O poeta Mário Quintana, autor do livro "O Aprendiz de Feiticeiro"(1950). |
“O Aprendiz de Feiticeiro”, originalmente publicada em 1950,
é uma aula de poesia que Quintana nos oferece, através dos temas mais visitados
no gênero. É como um ritual de iniciação, um batismo de fogo para aqueles que
ousarem adentrar o mundo mágico da poesia, através dos feitiços em forma de
versos quintanares. Termino esta resenha transcrevendo o poema que eu mais
gostei, por reunir toda a essência do poeta e refletir o comum como se fosse
extraodinário, e o verso a forma mais original de traduzi-lo.
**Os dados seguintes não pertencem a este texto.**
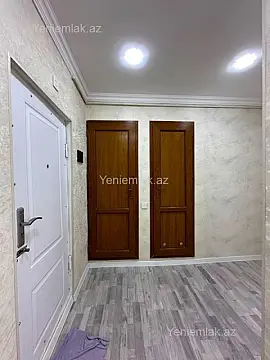 Satılır 2 otaqlı köhnə tikili 60 m²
Ao longo das janelas mortas
Ao longo das janelas mortas
Meu passo bate as calçadas.
Que estranho bate!... Será
Que a minha perna é de pau?
Ah, que esta vida é automática!
Estou exausto da gravitação dos
astros!
Vou dar um tiro neste poema
horrível!
Vou apitar chamando os guardas,
os anjos, Nosso Senhor,
[as
prostitutas, os mortos!
Venham ver a minha degradação
A minha sede insaciável de não
sei o quê,
As minhas rugas.
Tombai, estrelas de conta,
Lua falsa de papelão,
Manto bordado do céu!
Tombai, cobri com a santa
inutilidade vossa
Esta carcaça miserável de
sonho...
Só posso dizer que você torna tudo muito difícil de não se gostar.